### Task input
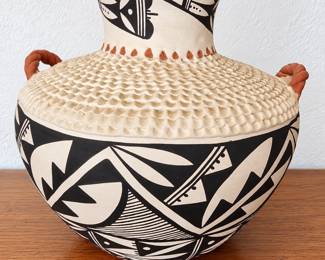 Southwestern pottery vessel with bold black geometric designs, textured detailing and terracotta handles.
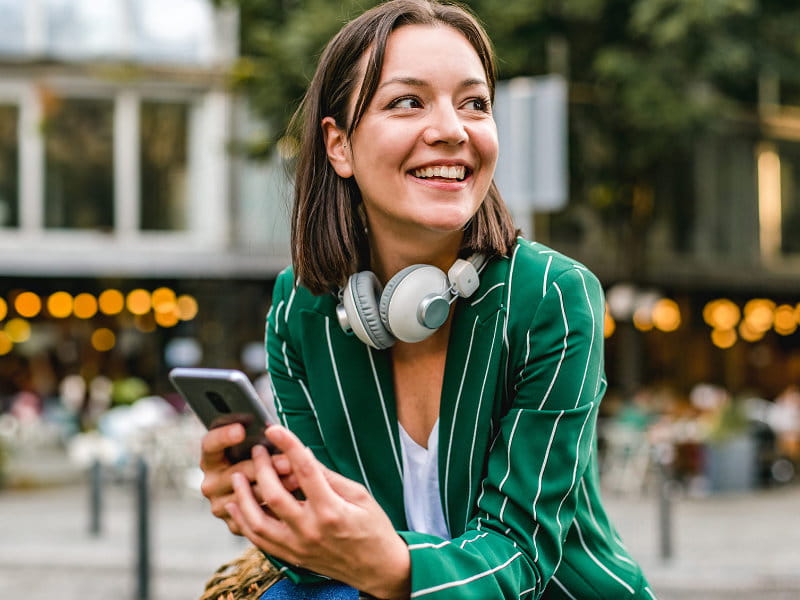 Femme assise à l’extérieur tient un smartphone et porte un casque autour du cou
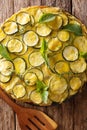 Snack Italian summer zucchini tart with flowers close-up. Vertic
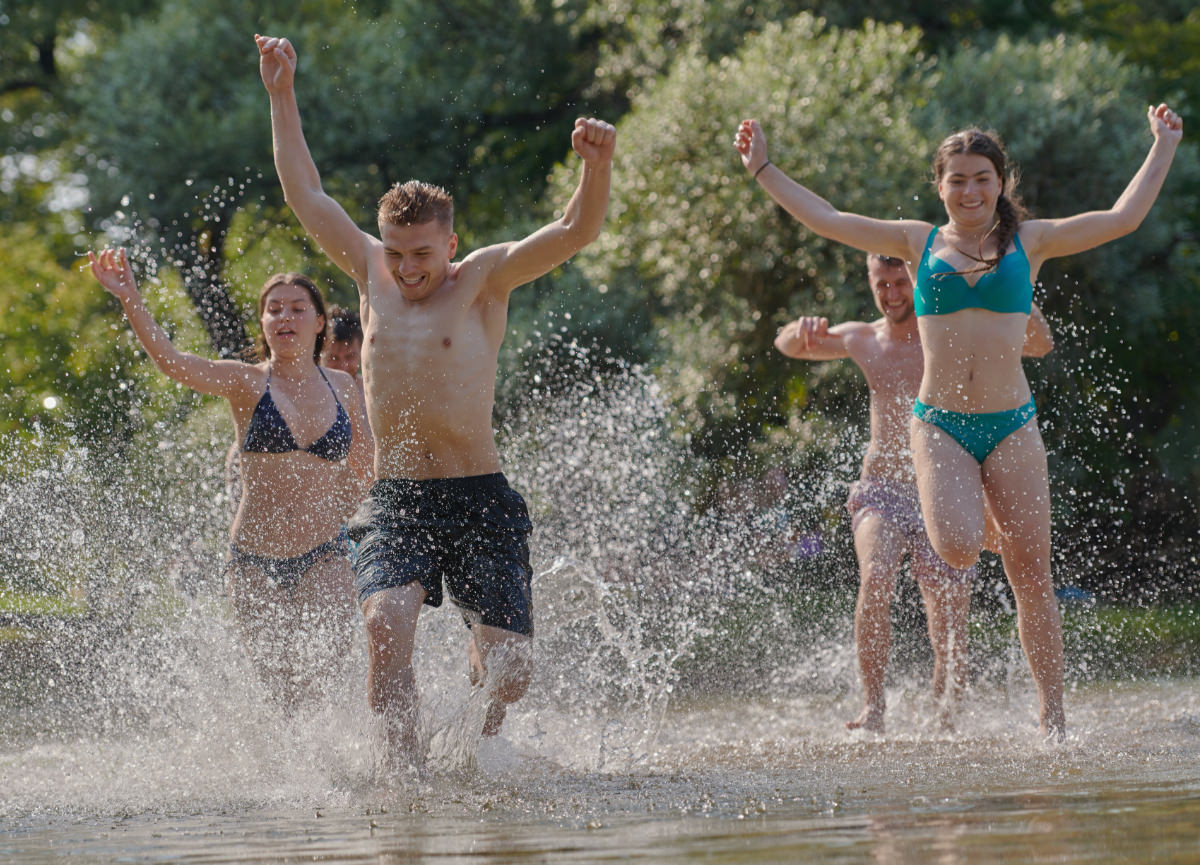 De header hero van de waterpret pagina met 4 jongens en meisjes die door het water rennen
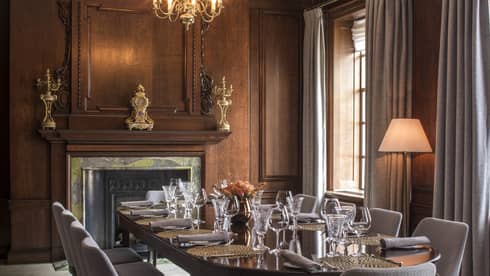 Private dining table in meeting room with wood walls, elegant fireplace, tall sunny windows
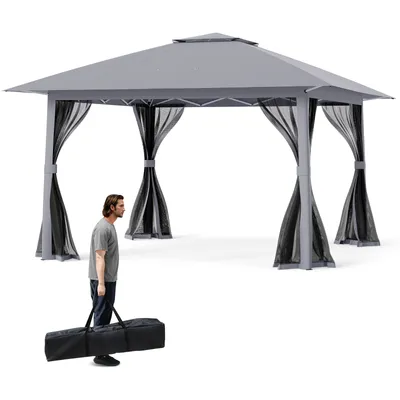 A man is carrying a black bag in front of a gray gazebo.
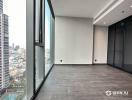 Spacious unfurnished living area with large windows and city view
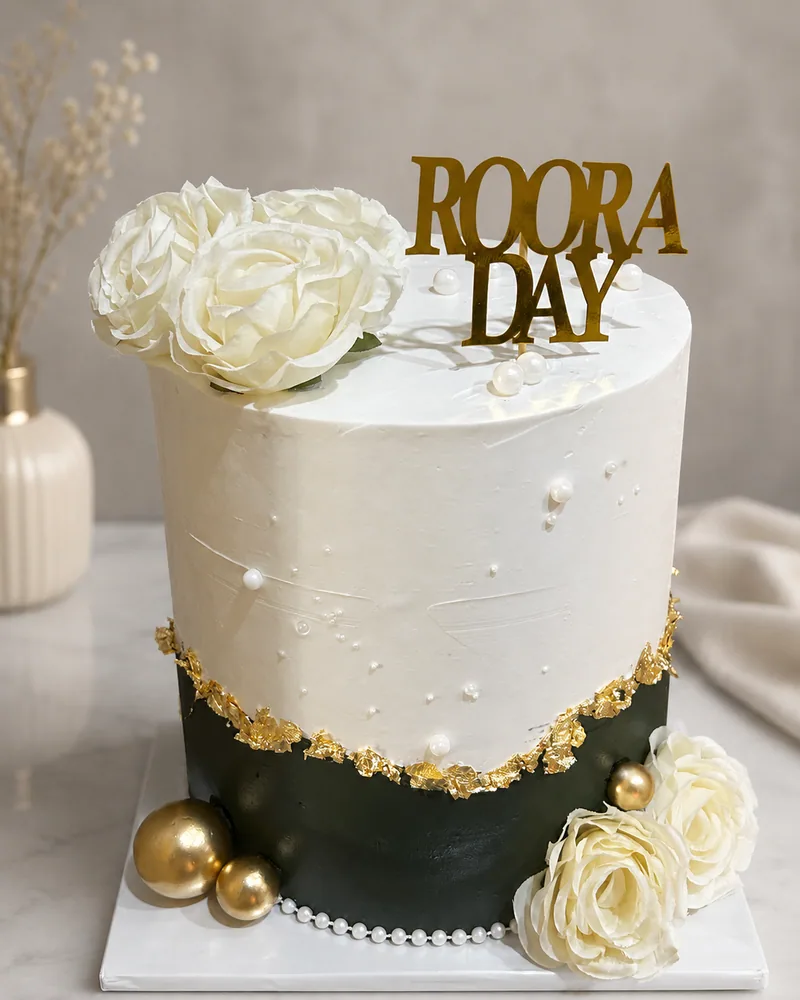 A Roora Day cake with a white top tier and a bold deep-coloured base, made by The Cake Studio Harare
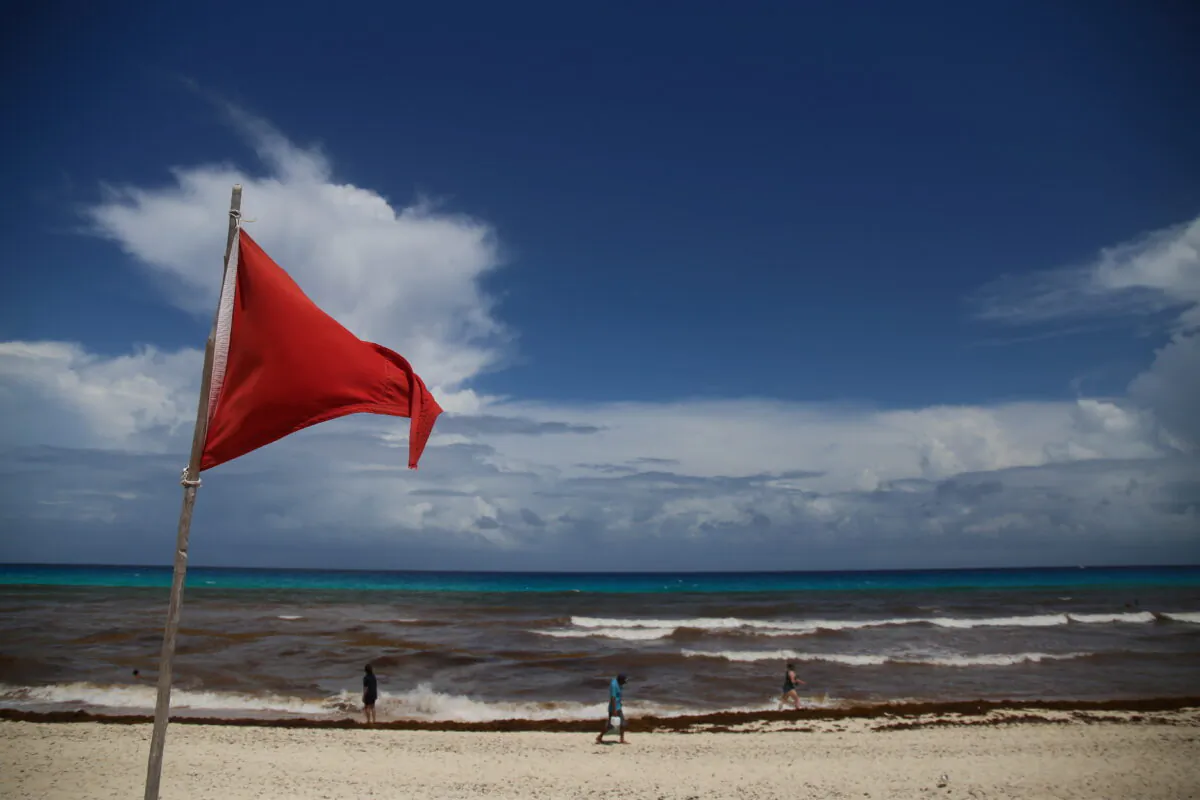 A red flag on the beach warns beachgoers of hazards due to the proximity of Hurricane Grace in Cancun, Mexico, on Aug. 18, 2021. (Paola Chiomante/Reuters)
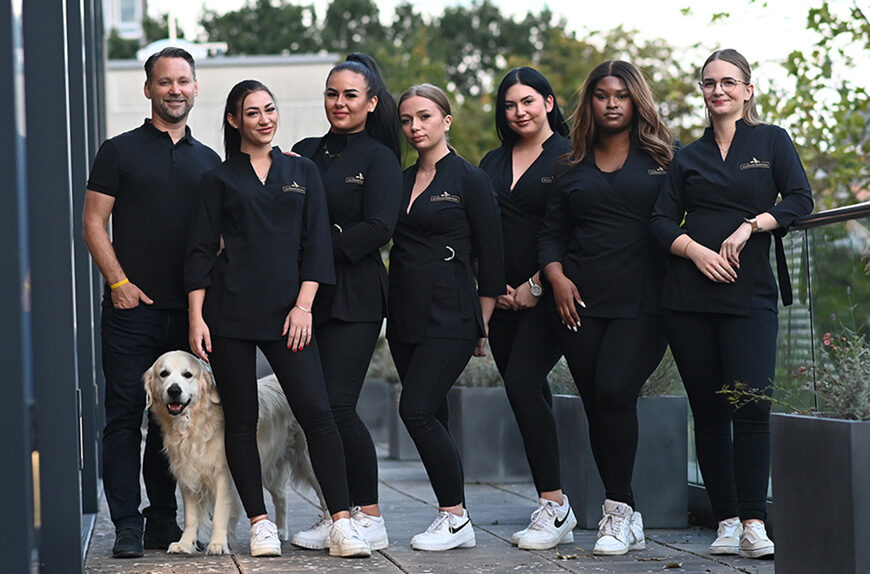 Teamfoto eines Schönheitszentrums: Sieben Mitarbeiterinnen und ein männlicher Kollege stehen gemeinsam mit einem Golden Retriever auf einer Terrasse, alle tragen schwarze Arbeitskleidung mit Logo.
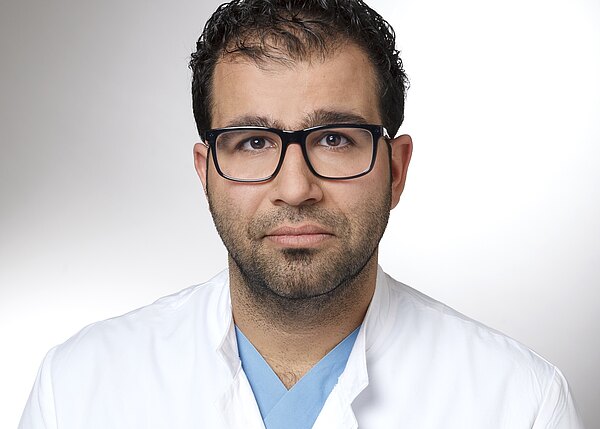 Portrait einer Person mit dunklem Haar und schwarzer Brille, in weißem Arztkittel über blauer OP-Kleidung. Blick direkt zur Kamera, ruhiger Ausdruck, heller neutraler Hintergrund.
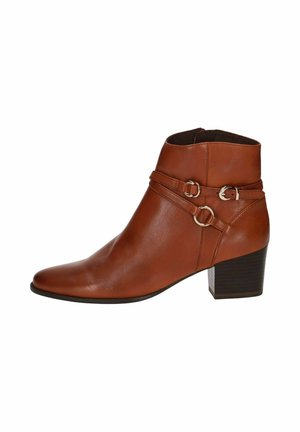 Bota de cuero marrón hasta el tobillo con punta afilada y tacón cuadrado, que presenta dos correas decorativas con acentos metálicos circulares. Textura suave.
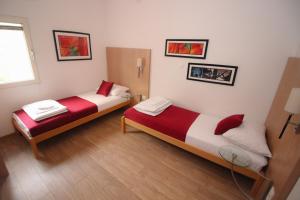 Postel nebo postele na pokoji v ubytování Villa Deny Mostar - with free parking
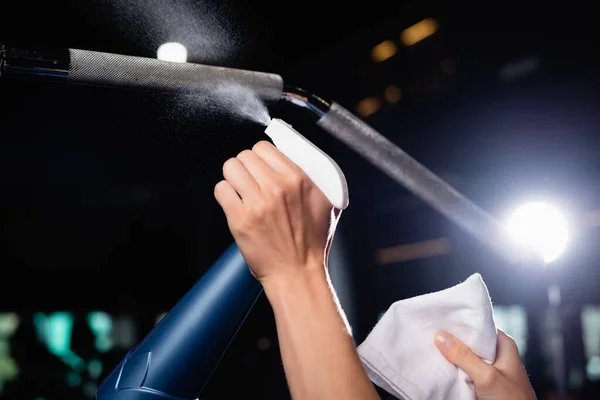 Partial view of charwoman spraying detergent on sports equipment in gym — Stock Photo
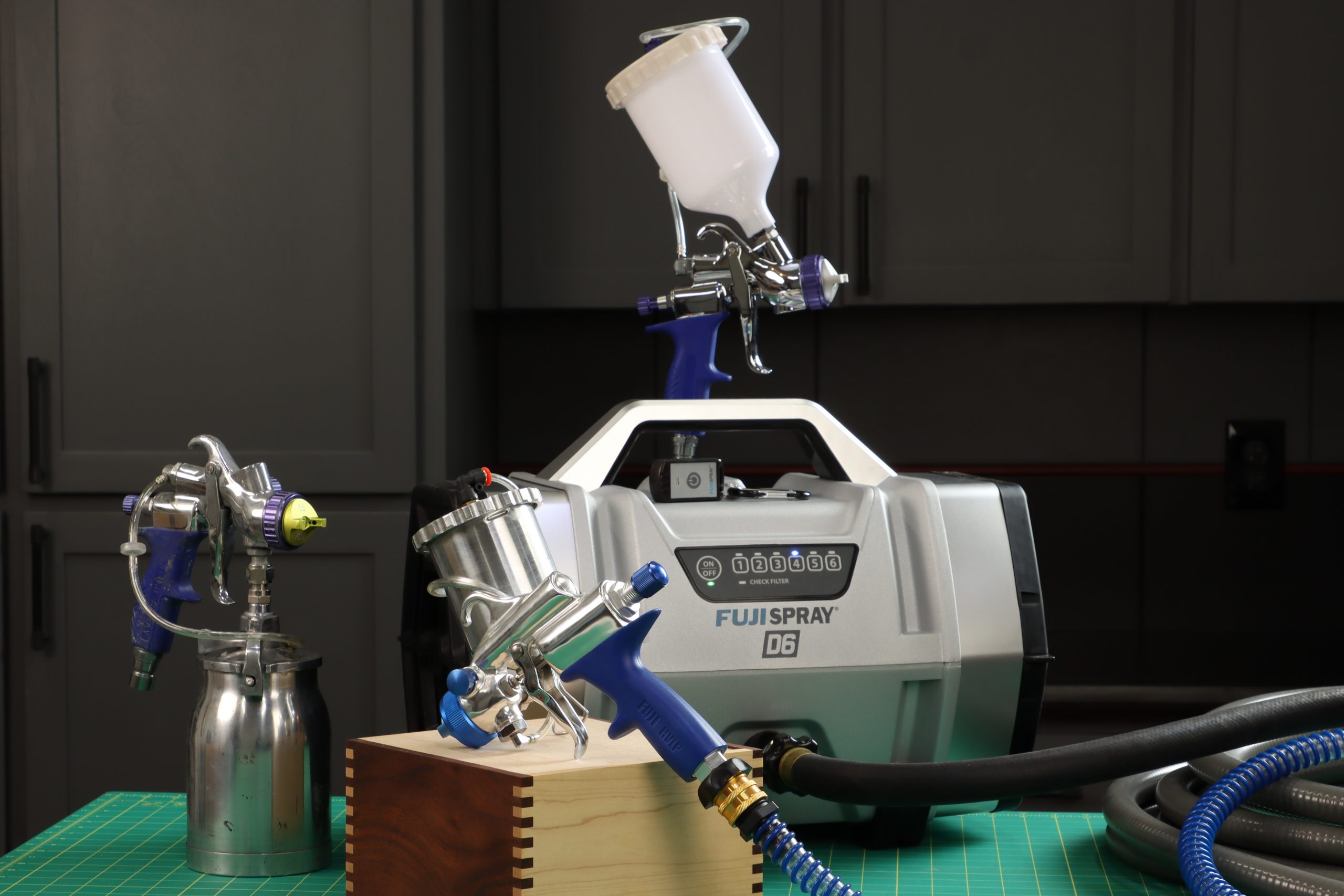 a T70 bottom feed, G-XPC compact gravity feed, and T75G midsize gravity feed spray gun with D6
######
Type the lines above out again exactly as they appear, skipping every picture.

 Southwestern pottery vessel with bold black geometric designs, textured detailing and terracotta handles.
 Femme assise à l’extérieur tient un smartphone et porte un casque autour du cou
 Snack Italian summer zucchini tart with flowers close-up. Vertic
 De header hero van de waterpret pagina met 4 jongens en meisjes die door het water rennen
 Private dining table in meeting room with wood walls, elegant fireplace, tall sunny windows
 A man is carrying a black bag in front of a gray gazebo.
 Spacious unfurnished living area with large windows and city view
 A Roora Day cake with a white top tier and a bold deep-coloured base, made by The Cake Studio Harare
 A red flag on the beach warns beachgoers of hazards due to the proximity of Hurricane Grace in Cancun, Mexico, on Aug. 18, 2021. (Paola Chiomante/Reuters)
 Teamfoto eines Schönheitszentrums: Sieben Mitarbeiterinnen und ein männlicher Kollege stehen gemeinsam mit einem Golden Retriever auf einer Terrasse, alle tragen schwarze Arbeitskleidung mit Logo.
 Portrait einer Person mit dunklem Haar und schwarzer Brille, in weißem Arztkittel über blauer OP-Kleidung. Blick direkt zur Kamera, ruhiger Ausdruck, heller neutraler Hintergrund.
 Bota de cuero marrón hasta el tobillo con punta afilada y tacón cuadrado, que presenta dos correas decorativas con acentos metálicos circulares. Textura suave.
 Postel nebo postele na pokoji v ubytování Villa Deny Mostar - with free parking
 Partial view of charwoman spraying detergent on sports equipment in gym — Stock Photo
 a T70 bottom feed, G-XPC compact gravity feed, and T75G midsize gravity feed spray gun with D6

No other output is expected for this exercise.